Taylor Swift, the ACLU and Your Online Reputation


So, you have been compared to Adolf Hitler and accused of supporting the views of white supremacists. What can you do about it? Well, if you are Taylor Swift, the short answer is probably not very much. And what if you are not a megastar? Does this change the analysis?

An article posted on the culture website PopFront, entitled “Swiftly to the alt-right: Taylor suddenly gets the kkk information,” has engendered a strong response from Taylor Swift.  Ms. Swift, by and through legal counsel, contacted Pop Front and demanded the immediate removal of the article and a retraction. The four-page cease and desist letter takes an aggressive stance, alleging that portions of the PopFront article are “defamation per se”.  Curiously, the letter contains an admonition that the letter itself comprises “a confidential legal notice and is not for publication,” and that “[a]ny publication, dissemination or broadcast of any portion of this letter will constitute a breach of confidence and a violation of copyright act.”

Perhaps not surprisingly, PopFront responded to Ms. Swift’s letter through the ACLU.  In its reply, the ACLU undertakes a scathing legal dissection and rebuttal of Ms. Swift’s defamation claims, invoking established First Amendment protections for this kind of free speech, especially given that Ms. Swift is a public figure (raising the bar for an actionable claim of defamation to a showing of “actual malice”) and that PopFront is essentially a blog.

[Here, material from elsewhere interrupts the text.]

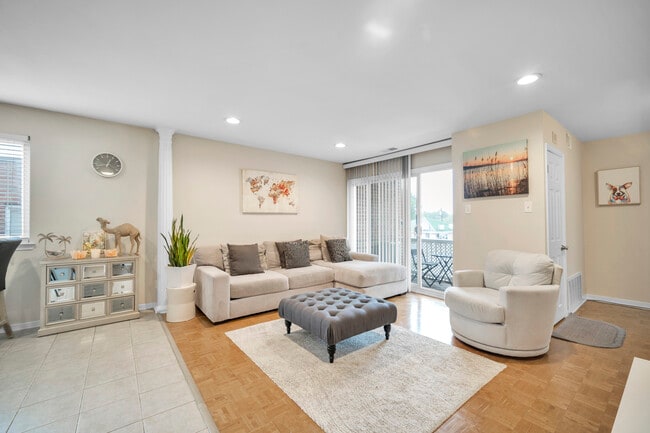 3271 Red Lion Rd, Unit 2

Quoting from a prominent 2012 California defamation opinion, Summit Bank v Rogers, the ACLU asserts that “online blogs and message boards are places where readers expect to see strongly worded opinions rather than objective facts.” The ACLU letter emphasizes that “in the online world rhetorical hyperbole, vigorous epitaph, lusty and imaginative expressions of…. contempt and language used in a loose, figurative sense, have all been accorded constitutional protection.”

The debate between Ms. Swift and the ACLU has now received widespread national press coverage.

What are the implications of this dispute in terms of your ability to protect your online reputation?

First, it should be noted that those who are active in local civic organizations or serve on local publicly elected boards are increasingly being treated as “public figures” for purposes of any defamation analysis.

Second, most people would agree that there has been a significant deterioration of decorum and tact, especially online, with “speech” now often being used as a bludgeon to intimidate, and even silence perceived opponents.

In this charged climate, the last thing that you seemingly would want to do is essentially pour gasoline on the fire and directly engage your critics, especially through aggressive tactics like strongly worded cease and desist letters.

Rather, the more prudent course in many instances is to let sleeping dogs lie and not respond.  Better to let a harsh blog post languish in obscurity, rather than drawing attention to it by responding and creating a higher profile controversy.

In lieu of responding directly, you can post your own materials that effectively address and refute the assertions contained in offending blog posts.  Certain prominent politicians have been issuing tweets recently that are so preposterous that readers are now starting to take them with a grain of salt. Perhaps this is a blessing in a way, in that “consider the source” may be gaining in relevance and importance for the general public.  This trend militates against a direct response.

If you feel you must respond directly, especially through legal counsel in a formal cease and desist letter, then here are a couple guiding precepts to consider:

It is best to assume that your letter is going to be posted online, and draft it accordingly with this expectation in mind.  Trying to “chill” dissemination seems futile and is usually destined to backfire (unless you are eager to engage with the ACLU on issues of free speech protection).

Second, because of the distinction between fact and opinion in defamation law, it is crucial to focus on specific factual misstatements that can be clearly documented, rather than merely seeking to rebut “opinions.”

Perhaps we all need to become a bit more thick-skinned now that the gloves seem to off in our society, especially if we have any inkling of participating in civic affairs in some capacity.   The real tragedy would be if we avoided anything controversial and limited our public discourse to insipid platitudes.